Search Engine | Projects

Search Engine
Score  1st Place | (Distinction+) "114%"
Course  Advanced Programming Techniques
Year  2012
Description  


Description
The aim of this project is to develop a simple web-based search engine that demonstrates the main features of a search engine (Web Crawling, Indexing, Query Processing and Ranking) and the interaction between them.

Web Crawler: It is a software agent that collects documents from the web. The crawler starts with a list of URL addresses. It downloads the documents identified by these URLs and extracts hyper-links from them. The hyper-link URLs are added to the list of URLs to be downloaded. Thus, web crawling is a recursive process.

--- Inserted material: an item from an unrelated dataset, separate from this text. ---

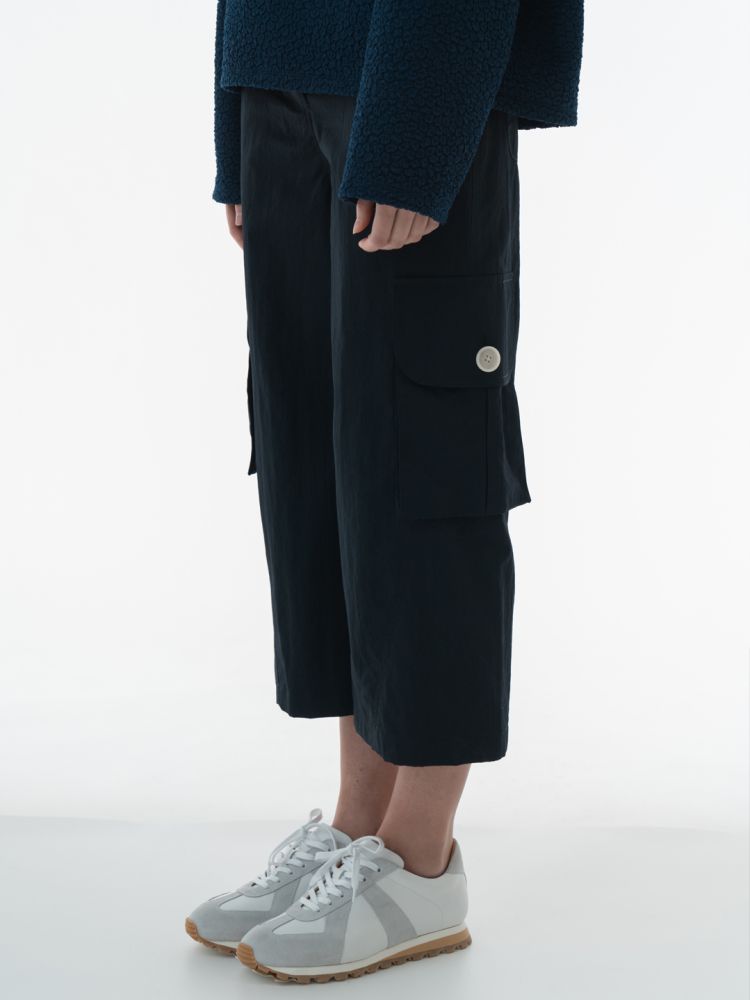 Pocket detailed capris : BISCUITSHOP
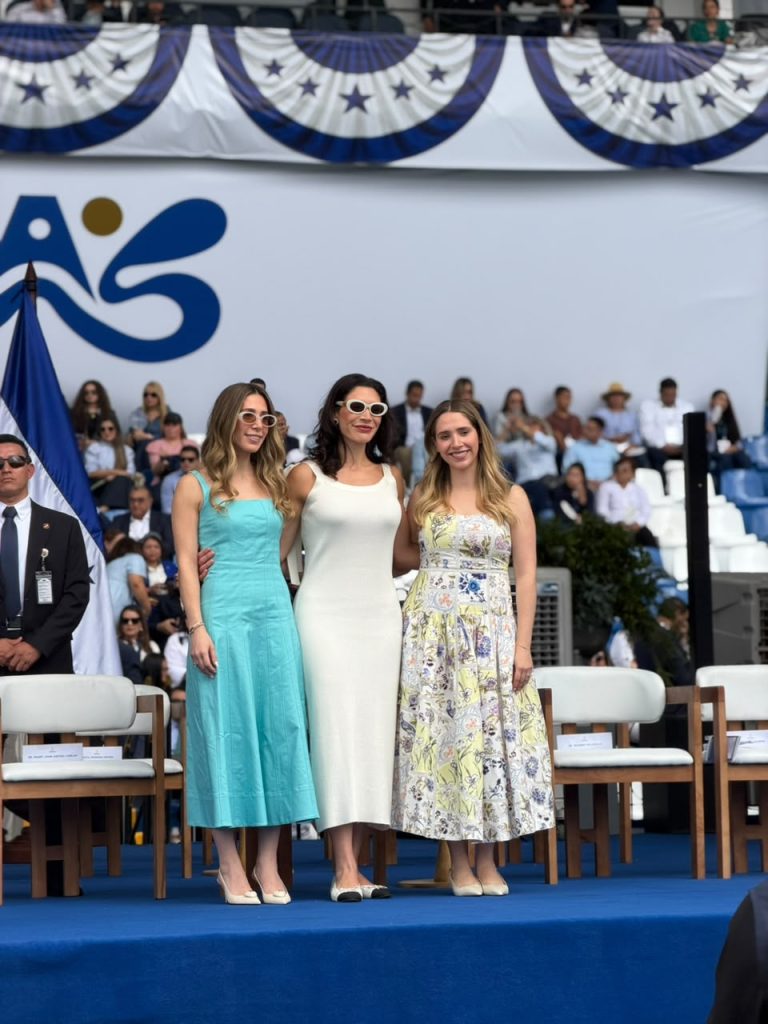 Imagen de Alexandra, Monique y Stephanie en el escenario principal del Estadio Nacional. Foto: cortesía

Indexer: The output of web crawling process is a set of downloaded HTML documents. To respond to user queries fast enough, the contents of these documents have to be indexed in a data structure that stores the words contained in each document and their importance.

Query Processor: This module receives search queries, performs necessary pre-processing and queries the index for relevant documents.
Phrase Searching: Search engines will generally search for words as phrases when quotation marks are placed around the phrase.

Ranker: The ranker module sorts documents based on their popularity and relevance to the search query.


Using
Java EE, JSP & MySQL Server


My Role
I was in a team of four members and my role was:
  1. The Team Leader.
  2. Database: Participating in designing the ER diagram of the search engine.
  3. Database: Implementing the entity and session beans.
  4. Crawler: The complete crawling recursive operation.
  5. Indexer: Lookup function by URLs and returns the list of keywords which are used to get this URL in the search results.
  6. User Interface: Developing and designing the Interface of the search engine.
  7. Participating in the main flow of all servlets for Crawler, Indexer, Ranker & Lookup.